### [Task directions]
Set down every line from the one containing "Skoda Octavia, 2018" through the last line of the records below, exactly as written, and leave out the pictures.

### [Provided records]

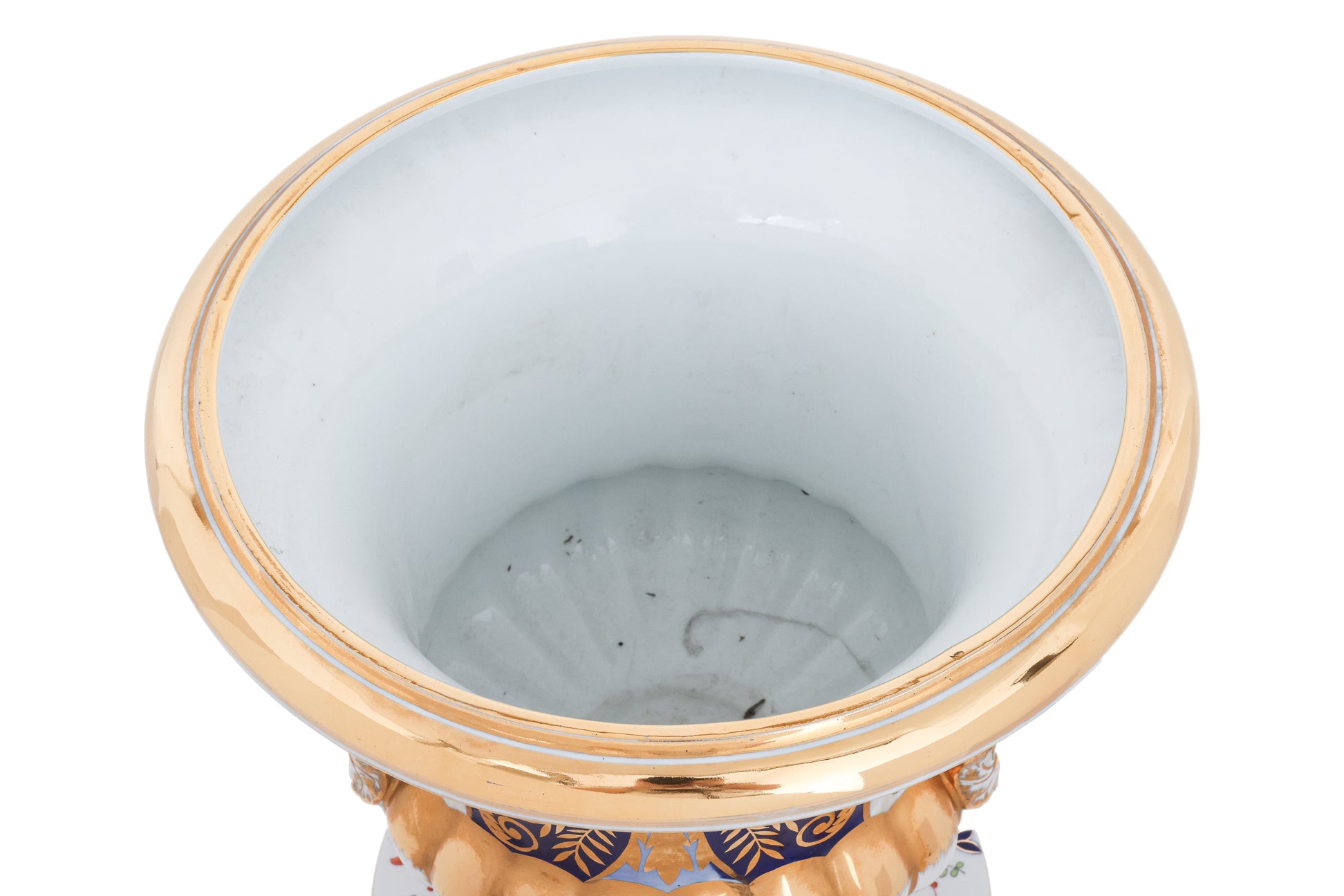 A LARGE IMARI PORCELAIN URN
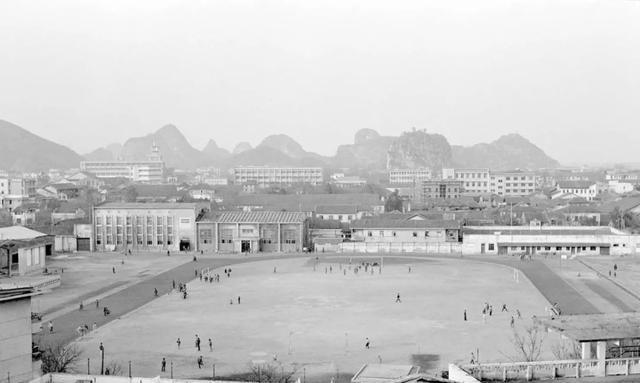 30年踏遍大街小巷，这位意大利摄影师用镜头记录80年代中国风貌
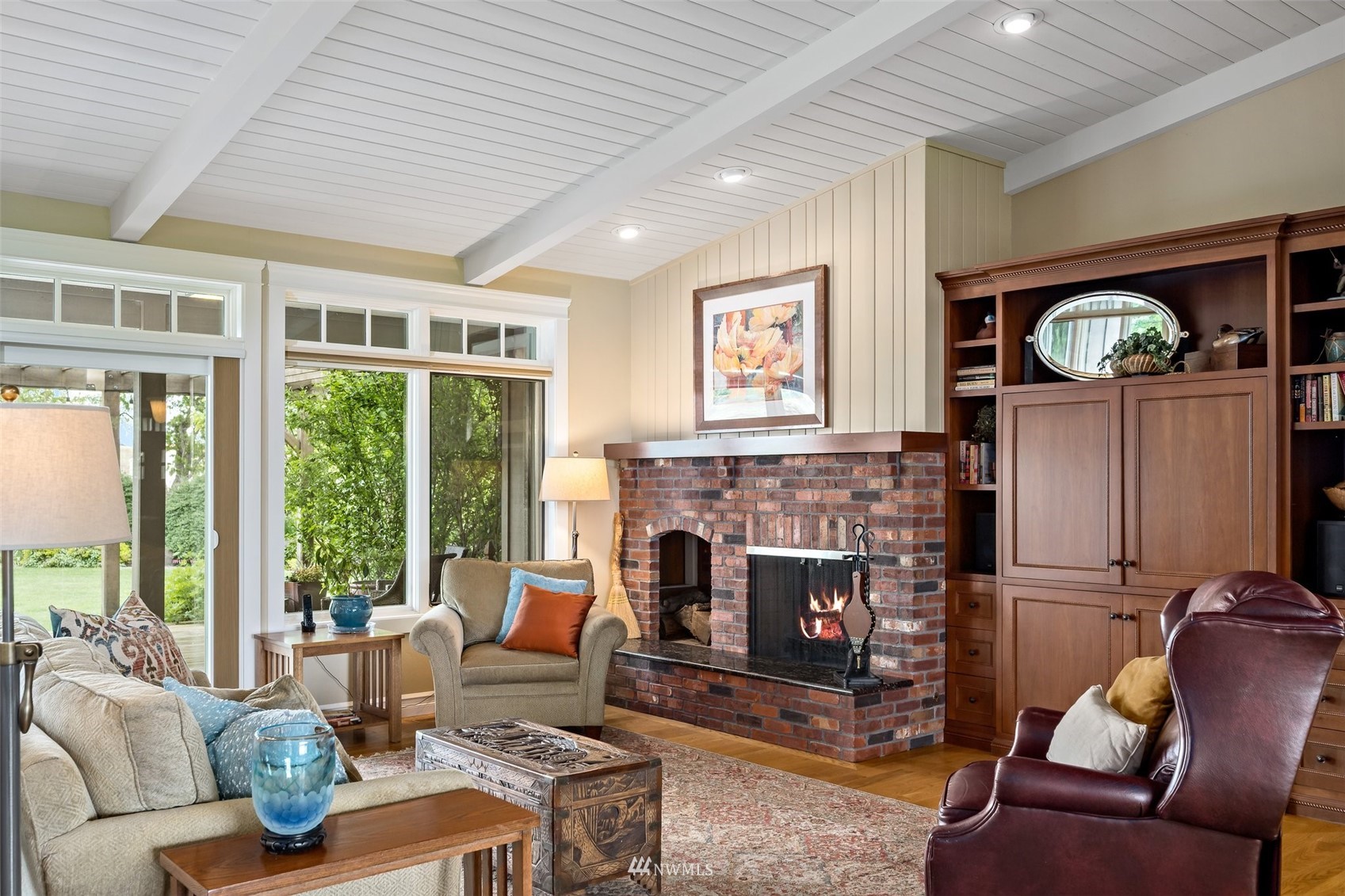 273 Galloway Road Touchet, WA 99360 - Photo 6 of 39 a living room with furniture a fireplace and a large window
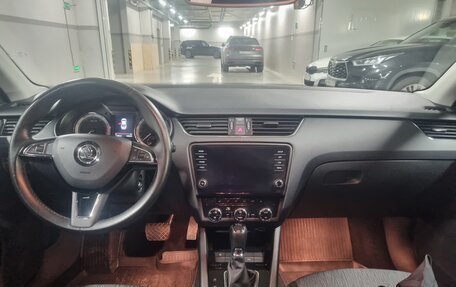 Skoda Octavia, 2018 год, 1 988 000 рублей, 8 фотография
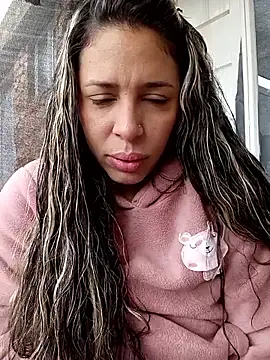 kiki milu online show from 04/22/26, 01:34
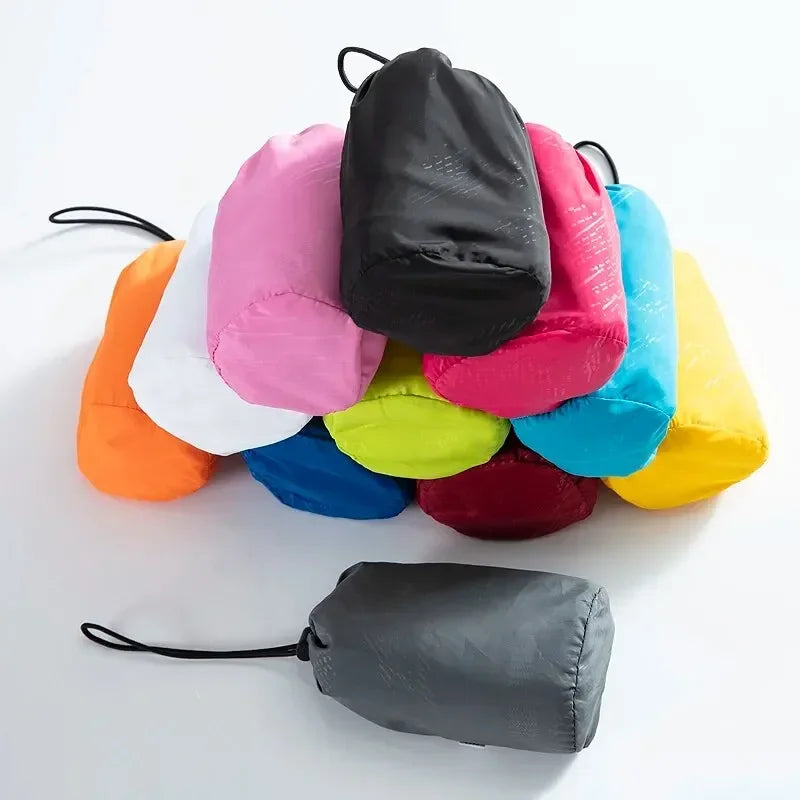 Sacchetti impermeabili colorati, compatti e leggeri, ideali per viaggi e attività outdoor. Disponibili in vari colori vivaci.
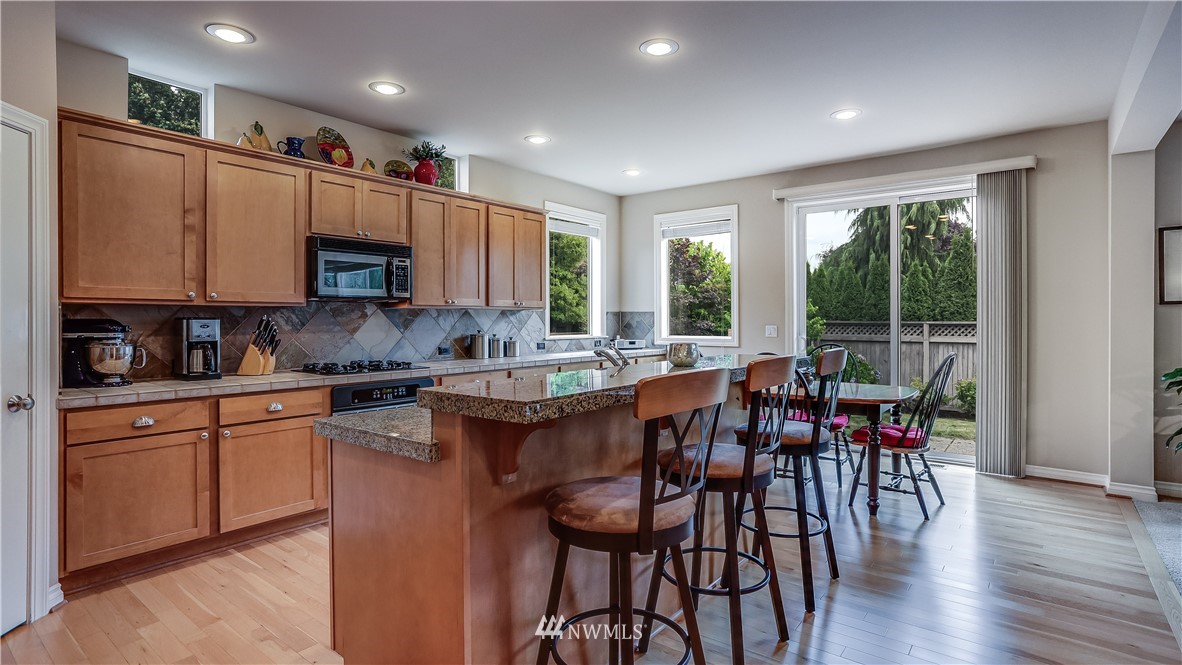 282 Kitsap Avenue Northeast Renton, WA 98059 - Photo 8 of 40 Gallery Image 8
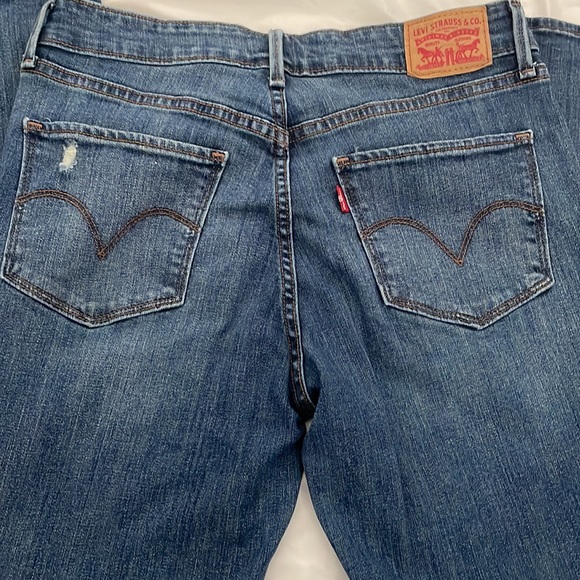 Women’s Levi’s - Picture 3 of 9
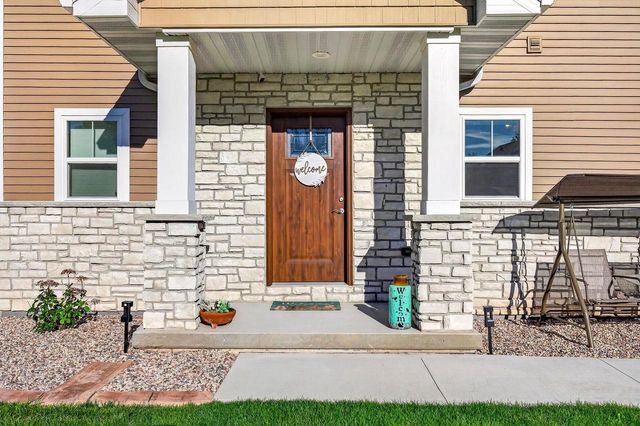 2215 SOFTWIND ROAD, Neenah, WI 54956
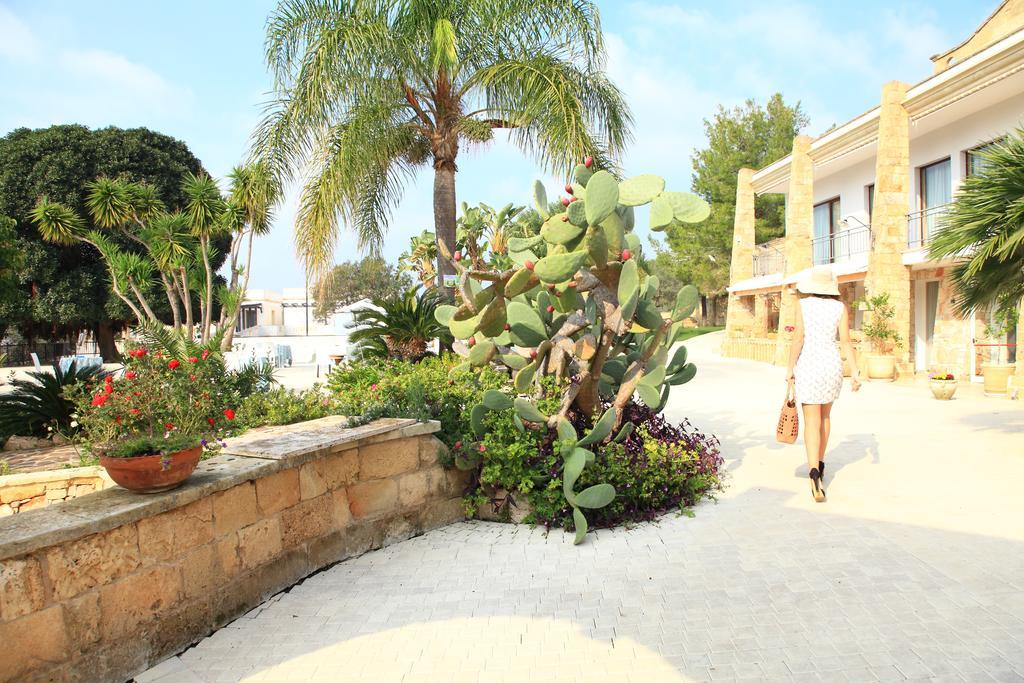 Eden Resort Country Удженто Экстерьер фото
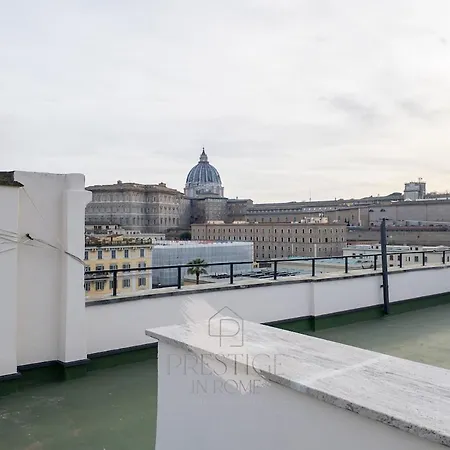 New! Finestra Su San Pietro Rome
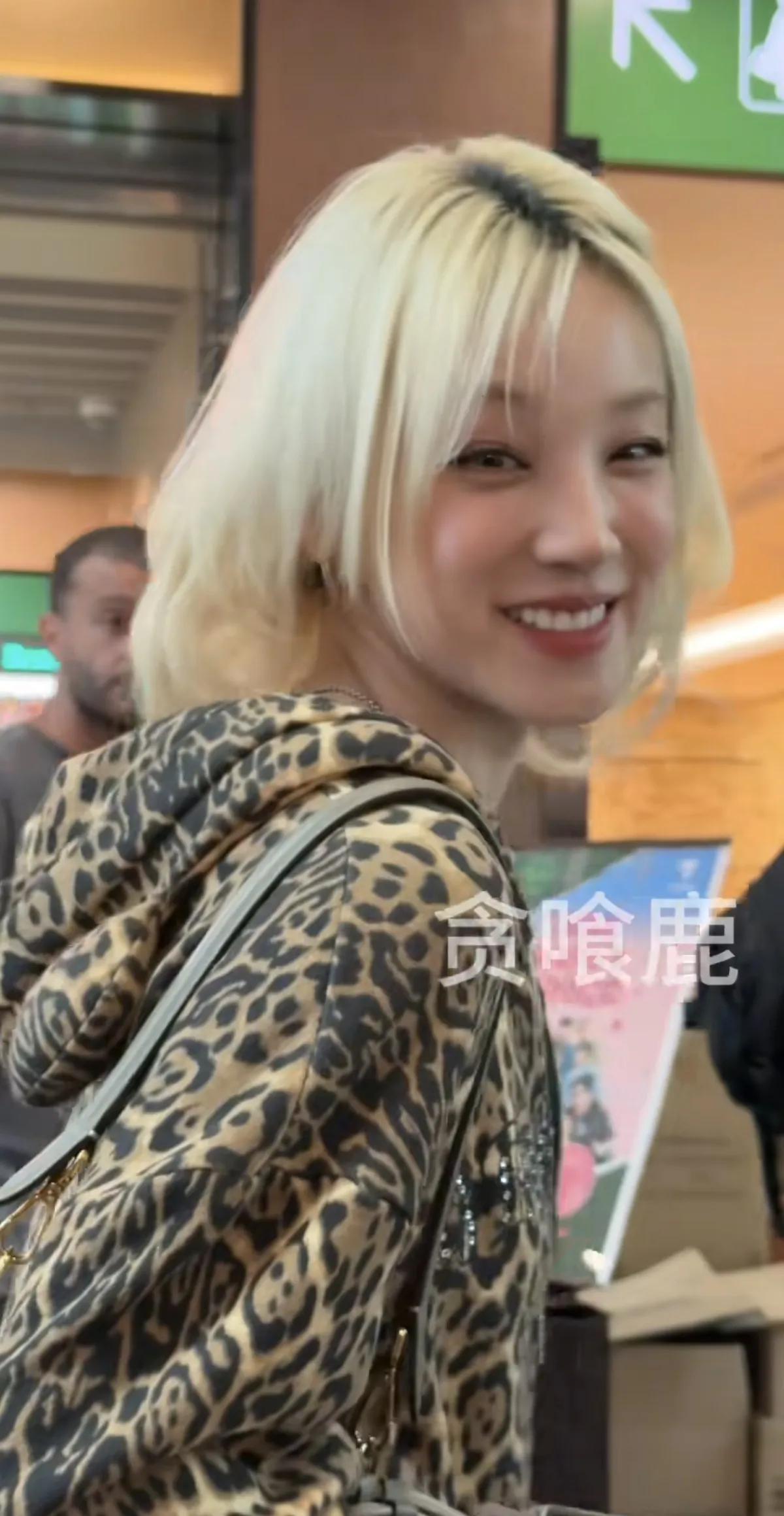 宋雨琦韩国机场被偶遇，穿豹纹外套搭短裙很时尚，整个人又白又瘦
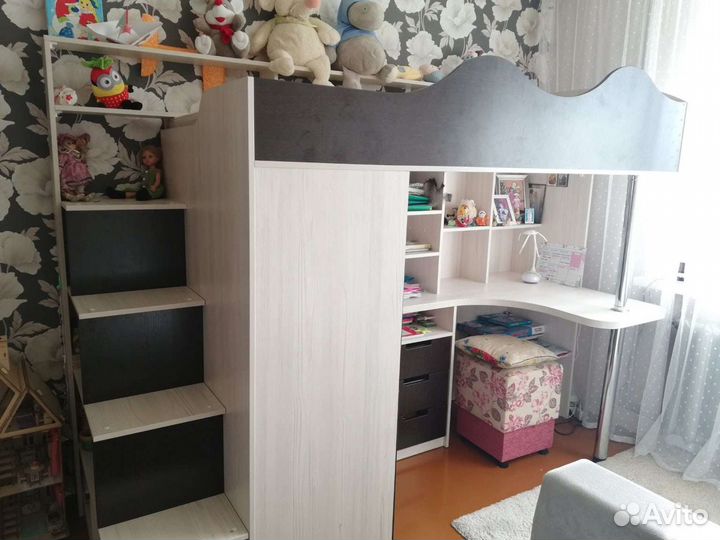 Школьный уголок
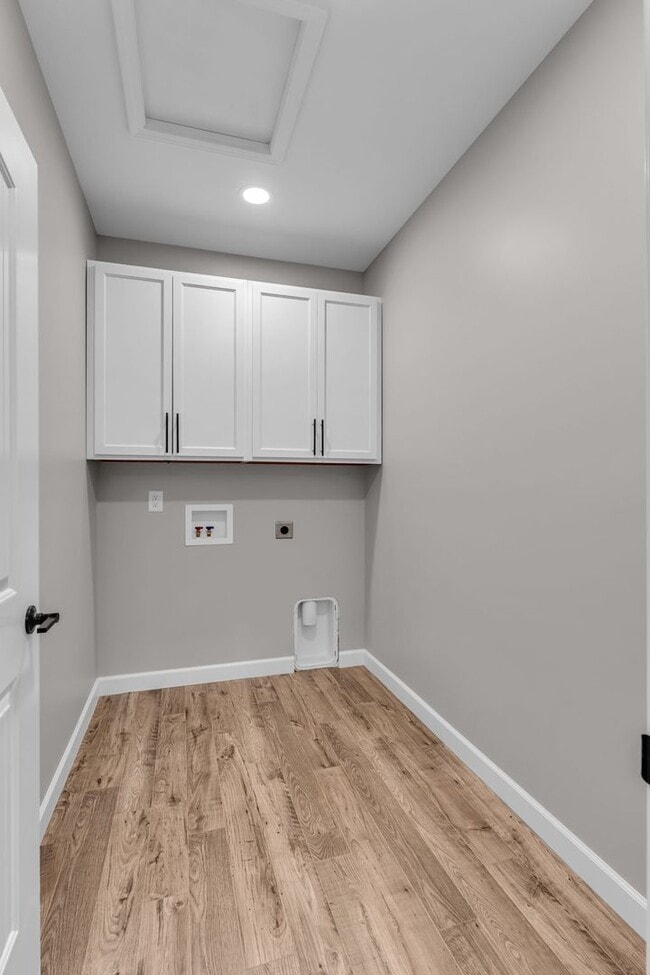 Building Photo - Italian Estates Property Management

### [Solution to the exercise]
 Skoda Octavia, 2018 год, 1 988 000 рублей, 8 фотография
 kiki milu online show from 04/22/26, 01:34
 Sacchetti impermeabili colorati, compatti e leggeri, ideali per viaggi e attività outdoor. Disponibili in vari colori vivaci.
 282 Kitsap Avenue Northeast Renton, WA 98059 - Photo 8 of 40 Gallery Image 8
 Women’s Levi’s - Picture 3 of 9
 2215 SOFTWIND ROAD, Neenah, WI 54956
 Eden Resort Country Удженто Экстерьер фото
 New! Finestra Su San Pietro Rome
 宋雨琦韩国机场被偶遇，穿豹纹外套搭短裙很时尚，整个人又白又瘦
 Школьный уголок
 Building Photo - Italian Estates Property Management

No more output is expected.